Lecture 5: Multiprocessing

Announcements

  • Lab 4 has been released.

  • We are still grading Lab 2.

Concurrency

So far, we've worked in a single-process environment in JOS. However, a full operating system is generally considered to be able to run multiple processes at a time. This is called multitasking. Specifically, we take advantage of this feature to allow a single program to perform tasks simultaneously. To better understand how this works, we need to first understand some terminology.

  • Process: A logical program. Also called a "thread group", a process consists of one of more threads.
  • Thread: An exection unit in the program. Each thread has its own stack, but shares a heap with all other threads.

There are two types of threads: preemptable, also called "OS native", threads; and green threads, sometimes called greenlets or fibers. Both of these threads still have independent stacks, and share a heap with the other threads in the process, but the mechanism by which they are scheduled is very different. Green threads have low overhead---only the stack has to be preserved---and the context switches are handled entirely in userspace without the kernel's intervention. Unfortunately, it means that the kernel has no knowledge of the green threads, and can't do any preemption. A context switch occurs if and only if the threads yield, willingly give up control, to another thread. This brings us to yet another name for green threads: cooperative threading.

Preemptable threads are scheduled by the kernel, and have all of the data structures associated with a full environment. This has all of the overhead of a full kernel-level environment structure, but affords the benefit that the kernel can forcibly re-schedule the thread should it stall, e.g., in a blocking syscall. There are two ways to implement this type of threading, both of which are available to us in JOS if we wanted to do so: we could leverage the fact that the exokernel structure exposes the page tables and just create multiple processes with the same physical pages, or we could modify the kernel to explicitly support thread groups.

Implementing Threading

To demonstrate threading, we've implemented a threading library for linux that we'd like to go through. This library leverages Linux syscalls getcontext, makecontext, and setcontext to save the registers of the currently running thread and switch between them. We've designed this API to mimic JOS as much as possible: we have the fairly familiar functions env_create, env_yield, and the userspace entry point is umain.

Unlike JOS, these are not system calls, but rather library calls implemented by our library. All of the context switching is entirely userspace. (Not entirely true: the setcontext call may perform implementation-defined syscalls to deal with signals, which are an unfortunate fact of life in UNIX.)

Let's start with the yield.c file. This program is a direct port, almost verbatim, of the JOS yield program.
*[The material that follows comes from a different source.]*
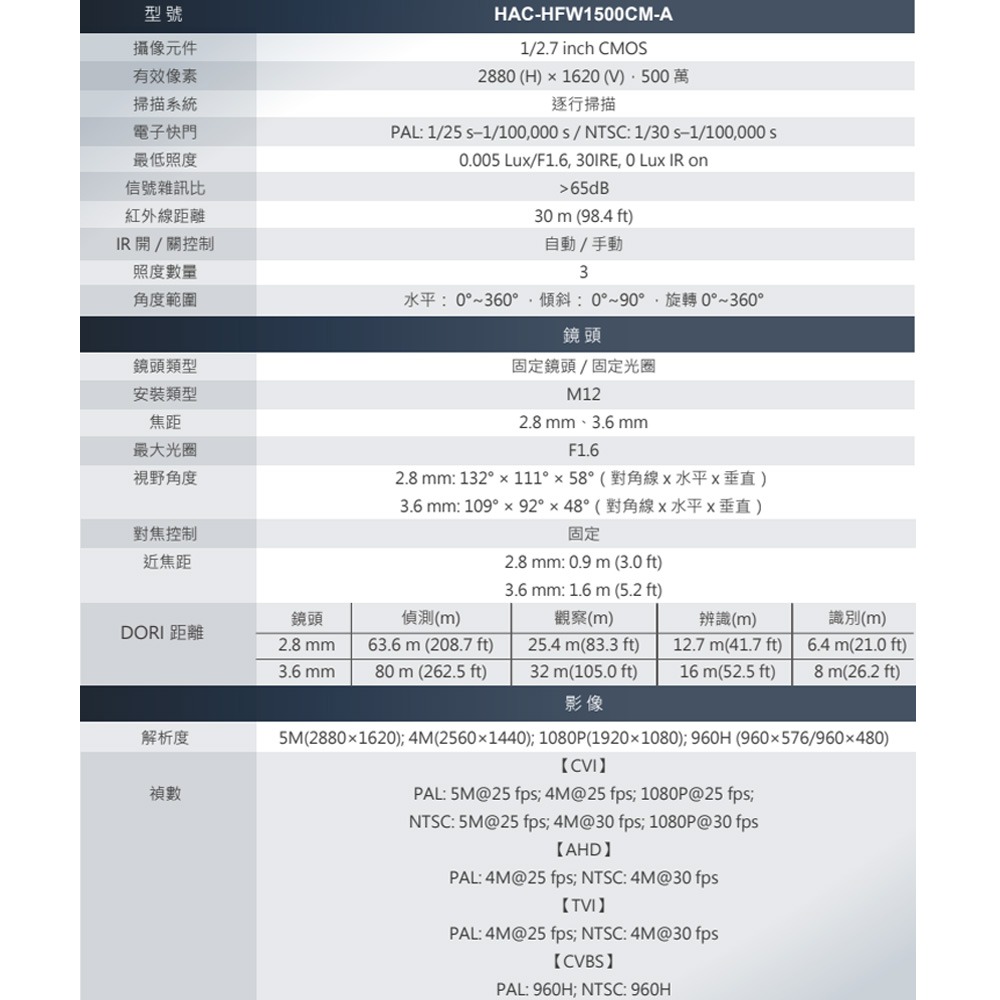 昌運監視器 大華 DH-HAC-HFW1500CMN-A 500萬畫素 星光 HDCVI 紅外子彈攝影機-細節圖2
Running ./yield results in

Hello, I am environment 00000001.
Hello, I am environment 00000002.
Hello, I am environment 00000003.
Back in environment 00000001, iteration 0.
Back in environment 00000002, iteration 0.
Back in environment 00000003, iteration 0.
Back in environment 00000001, iteration 1.
Back in environment 00000002, iteration 1.
Back in environment 00000003, iteration 1.
Back in environment 00000001, iteration 2.
Back in environment 00000002, iteration 2.
Back in environment 00000003, iteration 2.
Back in environment 00000001, iteration 3.
Back in environment 00000002, iteration 3.
Back in environment 00000003, iteration 3.
Back in environment 00000001, iteration 4.
All done in environment 00000001.
Back in environment 00000002, iteration 4.
All done in environment 00000002.
Back in environment 00000003, iteration 4.
All done in environment 00000003.

We can see that there are three logical environments, each of which is given an opportunity to run. The context switches happen at entirely predictable locations: every call to env_yield.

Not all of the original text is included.